Williams, 58, confirmed Sunday that her attorney brokered a deal for her to return to the Metropolitan Transportation Authority as special adviser to chief financial officer Robert Foran, and to help her successor, LIRR president Patrick Nowakowski, adjust in his new role.
She will continue collecting her $243,000 annual salary through November, the source said. The MTA agreed to allow Williams to remain on the payroll through November, at which time she would reach the 30 years of service she needs to receive a full New York State pension, the source said. The amount of her pension has not been made public.
MTA spokesman Adam Lisberg declined to comment Sunday, other than to confirm Williams "is assisting in the transition." An MTA source confirmed that the agency is paying Williams.
Williams said she has helped Foran put together the MTA's newest financial plan.
"I'm ready, willing and able to provide transition services," Williams said, adding that she was offered an MTA office, but has worked from home. "I'm able to provide these services remotely."
'Getting up there in years'
MTA chairman Thomas Prendergast fired Williams in April, in part, he said, because he believed Williams was "getting up there in years" and lacked the hands-on transit operating experience of Nowakowski, who is two years older than Williams.

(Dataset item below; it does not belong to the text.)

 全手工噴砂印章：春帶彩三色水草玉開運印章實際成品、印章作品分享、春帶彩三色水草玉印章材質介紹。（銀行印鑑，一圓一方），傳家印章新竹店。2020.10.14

Prendergast said Sunday he was referring to the length of Williams' term as LIRR president, and not her age.
Williams, a labor lawyer by trade, worked for the MTA for two decades, including as a labor attorney, president of Long Island Bus for five years and LIRR president for seven years.
Sources have said Prendergast sought to replace Williams because of her objections to a plan by the MTA and Gov. Andrew M. Cuomo to bring Metro-North Railroad to Penn Station around the same time the LIRR would link to Grand Central Terminal as part of the East Side Access project. Williams was concerned that Metro-North gaining entry to Penn would force the LIRR to reduce service there.
Williams will continue working for the MTA through August, then be paid for accrued vacation time for three months.
Williams' 2007 employment contract requires the MTA to also pay her "an additional lump sum payment equal to one year's salary," according to her 2007 employment contract. That contract did not include a waiver of any legal claims against the MTA if she was terminated.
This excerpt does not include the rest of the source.